### WHAT YOU HAVE TO DO
Every line in the data below that includes "Woman" belongs in the answer, copied as it stands.

### RECORDS TO PROCESS
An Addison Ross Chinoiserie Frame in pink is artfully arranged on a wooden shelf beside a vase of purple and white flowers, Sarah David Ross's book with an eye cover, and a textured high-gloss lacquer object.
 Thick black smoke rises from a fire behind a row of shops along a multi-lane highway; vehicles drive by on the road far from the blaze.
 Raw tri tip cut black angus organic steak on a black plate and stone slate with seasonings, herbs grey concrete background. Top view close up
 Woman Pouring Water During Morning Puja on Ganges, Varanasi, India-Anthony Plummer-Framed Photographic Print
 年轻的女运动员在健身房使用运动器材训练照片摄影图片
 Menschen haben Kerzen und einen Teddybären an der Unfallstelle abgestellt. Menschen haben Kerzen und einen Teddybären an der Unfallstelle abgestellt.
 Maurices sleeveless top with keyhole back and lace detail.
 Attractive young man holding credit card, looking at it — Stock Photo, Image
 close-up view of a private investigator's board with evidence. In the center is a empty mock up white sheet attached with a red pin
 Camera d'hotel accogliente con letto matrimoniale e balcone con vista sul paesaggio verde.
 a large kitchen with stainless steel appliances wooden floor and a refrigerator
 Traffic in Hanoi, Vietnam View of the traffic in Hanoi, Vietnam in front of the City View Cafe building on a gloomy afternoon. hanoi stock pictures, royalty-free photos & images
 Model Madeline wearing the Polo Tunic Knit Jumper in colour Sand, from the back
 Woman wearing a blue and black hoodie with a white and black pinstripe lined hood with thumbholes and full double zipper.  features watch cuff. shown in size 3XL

### RESPONSE TO THIS EXERCISE
 Woman Pouring Water During Morning Puja on Ganges, Varanasi, India-Anthony Plummer-Framed Photographic Print
 Woman wearing a blue and black hoodie with a white and black pinstripe lined hood with thumbholes and full double zipper.  features watch cuff. shown in size 3XL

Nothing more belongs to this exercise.